La novela fundamental de George Orwell, 1984, cumplió este lunes 60 años de publicada y en el blog de The Guardian Paul Owen le hace un extraño homenaje: dice que Orwell se inspiró ("pellizcó" literalmente anuncia en el título del post: "1984 thoughtcrime? Does it matter that George Orwell pinched the plot?") en la trama de una novela editada en Rusia en 1924, titulada We y escrita por el desconocido Yevgeny Zamyatin. Orwell había reseñado para Tribune la novela rusa tres años antes de publicar 1984.
Orwell reviewed We for Tribune in 1946, three years before he published Nineteen Eighty-Four. In his review, he called Zamyatin's book an influence on Aldous Huxley's Brave New World, though Huxley always denied anything of the sort. "It is in effect a study of the Machine," Orwell wrote of We, "the genie that man has thoughtlessly let out of its bottle and cannot put back again. This is a book to look out for when an English version appears." He seems to have taken his own advice.
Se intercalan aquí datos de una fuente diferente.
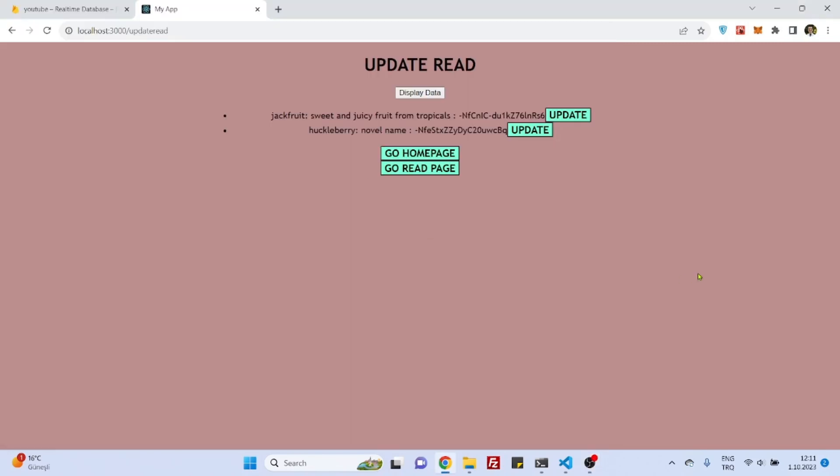Hello everyone, in the last video we have finished the update component and in this video we will see how to delete an object, for example this jackfruit or this huckleberry.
El parecido, según Owen, es obvio. Incluso aparece un Gran Hermano con el nombre de El Benefactor. La columna vertebral de ambas obras son idénticas. No hay duda de que Owen quiso hacer un cover de la novela rusa. Sin embargo, a pesar de que se le reconoce a Zamyatin algunos méritos literarios, según el autor del post la novela de Orwell es absolutamente superior y eso disculpa cualquier "pellizco". Dice:
So does it matter that Orwell borrowed plot and characters from the earlier book? After all, it seems clear that he made a superior work of literature out of them. Nineteen Eighty-Four's importance comes not so much from its plot as from its immense cultural impact, which was recognised almost immediately when it won the £357 Partisan Review prize for that year's most significant contribution to literature, and which has continued to this day. Most of the aspects and ideas of the novel that still resonate so strongly in political life are his own: newspeak, doublethink, thoughtcrime, the Thought Police, Room 101; the extreme use of propaganda, censorship and surveillance; the rewriting of history; labels and slogans that mean the opposite of what they say; the role for Britain implied in the name Airstrip One. References to these things pervade all levels of our culture. Apart from the obvious, I remember an amusing NME review of an album by the laddish band Cast that read: "Imagine a trainer stamping on a human face ... for ever." In addition, unlike We, Nineteen Eighty-Four is written with expert control in an accessible style about a world recognisably our own, and its twists of plot – including the existence (or not) of the Brotherhood resistance movement – are gripping, sophisticated and convincing. The dark, pessimistic tone of Nineteen Eighty-Four is also all Orwell's. If any aspect of We takes the shine off Nineteen Eighty-Four, it's that Orwell lifted that powerful ending – Winston's complete, willing capitulation to the forces and ideals of the state – from Zamyatin. It's a wonderful, wrenching twist, in both books, and a perfect conclusion, though We and Nineteen Eighty-Four differ slightly in the fate of the female dissident: I-330 is killed without giving up her beliefs, whereas Julia is broken in the same way as Winston. Perhaps We deserves more recognition than it has had, but if Nineteen Eighty-Four had never existed, it is extremely doubtful Zamyatin's book would have come to fill the unique place Orwell's work now occupies. Nineteen Eighty-Four is an almanac of all the political ideas no "right-thinking" person would ever want their government to countenance, and the word Orwellian has come to signify a badge of shame intended to shut down any movement in that direction – with an imperfect record of success.